La anterior interpretación sugiere situarse en dos puntos de vista, el físico y el virtual, y razonar desde cada uno de ellos el contrario. Supone, como he dicho, asumir la distinción entre un conjunto de relaciones personales basadas en la presencia física y un conjunto de relaciones basadas en la mediacion de un dispositivo. Si no asumimos la distinción físico-virtual y consideramos ambos como una suerte de continuum, la cuestión se complica, pero se vuelve quizás más interesante. Pero yo quiero llevar ahora el análisis a otro plano, el plano filosófico.

 

*     *     *

 

Yo creo que la soledad, como concepto, no tiene nada que ver, en primera instancia, ni con su supesto opuesto: la sociedad de personas en idílica comunicación, ni con su supuesto sustituto: las relaciones virtuales en el marco de redes conversacionales de intereses. Como siempre, la adjetivación, y no la advocación, es la que marca la diferencia. Por el contrario, creo que la auténtica soledad es de tipo meta-metafísico: compete a cómo son percibidas por el individuo las relaciones que su conciencia mantiene con sus semejantes; y con sus otros (dicho de otro modo: aquellos entre los cuales uno se piensa Uno y aquellos entre los cuales uno se piensa Otro. El extranjero, por ejemplo, era en la antigüedad clásica un “solitario lingüístico” y esta soledad lingüística es la primera forma de soledad, aún hoy, en los fenómenos de emigración).

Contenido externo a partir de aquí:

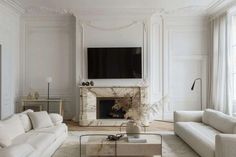 a living room with white furniture and a flat screen tv mounted on the wall above a fireplace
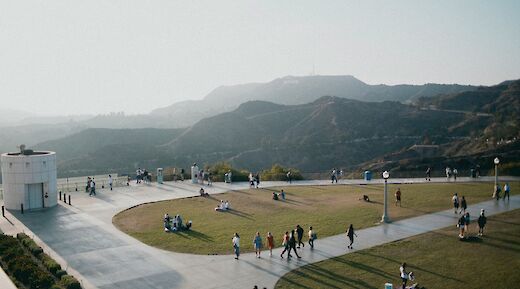 View from the Griffith Observatory in Los Angeles, with people on the terrace and hills in the background.
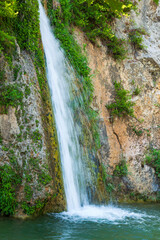 Fototapeta na wymiar Beautiful waterfall at Drafi in Penteli mountain near Athens, Greece.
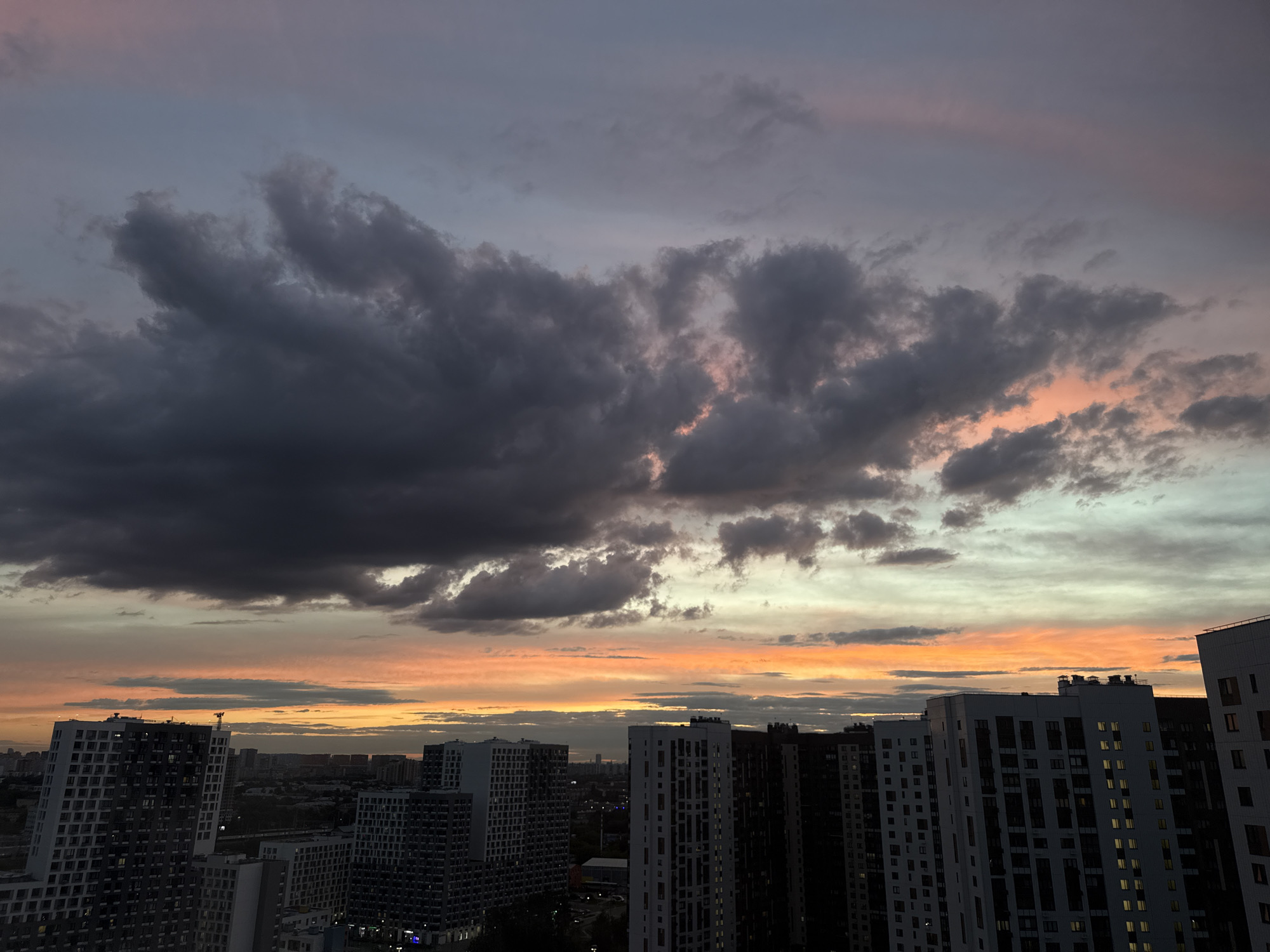This is a medium-shot, eye-level, outdoor, horizontal, color photograph taken from a high vantage point, looking out over a city at sunset. The sky is filled with dramatic clouds, ranging in color from dark gray at the top left to vibrant oranges and yellows at the horizon, with streaks of pink and pale blue also visible. Below the sky, a dense cityscape unfolds, characterized by numerous multi-story residential buildings. The buildings are dark, with many windows lit from within, suggesting it is evening. The architecture is modern, with some buildings featuring balconies and varied facade designs. The scene captures the transition from day to night in an urban environment. The location is Lyubertsy, Russia.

Aunque aceptemos que la evolución de la sociedad y la tecnología nos aisla, nos comprime —al generar territorios, espacios y nodos de relaciones que se vuelven humanamente inabarcables; esta es una de las bases de la alienación existencialista—, eso no significa necesariamente que produzca en nosotros “soledad”. De nuevo, el antropomorfismo nos lleva a identificar con ligereza la soledad con la ausencia de estímulos en un contexto cercano. Pero, si soy capaz de concebirme como Uno en un contexto distante, seguramente no me percibiré como solo, aunque ese contexto esté basado en bits y lo pueblen palabras emitidas a miles de kilómetros y en otros husos horarios, y me lleguen con retraso, o adelanto.

El pensamiento, cuando se piensa a sí mismo, es una función de la oscuridad, venía a decir Hegel al hablar de la Filosofía. Las metáforas habituales nos presentan a la soledad junto al silencio, la noche, la oscuridad y la senilidad (no es fácil atribuir “soledad” a esas autofotos adolescentes con la lengua fuera y un vaso de alcohol en la mano). En cambio, el búho de Minerva sólo emprende su vuelo al atardecer. La Filosofía misma es, desvelaba Xavier Zubiri en su ya cásica conferencia Hegel y el problema metafísico, pronunciada en 1931, un producto de la soledad decana. Pero, por extraño que parezca, esa soledad es la más autoconsciente de todas. Precisamente porque ha concluido su curso, su proceso, porque ha cerrado el círculo, es la soledad del pensamiento que no se produce sino cuando el Otro está más presente para uno mismo. Así las cosas, la soledad no sólo es un valor en sí, lo es en la historia, en la literatura y en la filosofía. Pienso en los anacoretas, el estoicismo, la mística, el genio creador y torremarfilesco de Descartes, la herboristeria en el Rousseau demenciado, las contemplaciones de la naturaleza en el Romanticismo, la introspección como metodología, las literaturas “mentales” (Peter Handke, por ejemplo) las formas de renuncia a la sociedad tecnológica o neoarcaísmos…, y una retahíla de manifestaciones de la soledad inseparables, paradójicamente, de la configuración de una conciencia comprometida.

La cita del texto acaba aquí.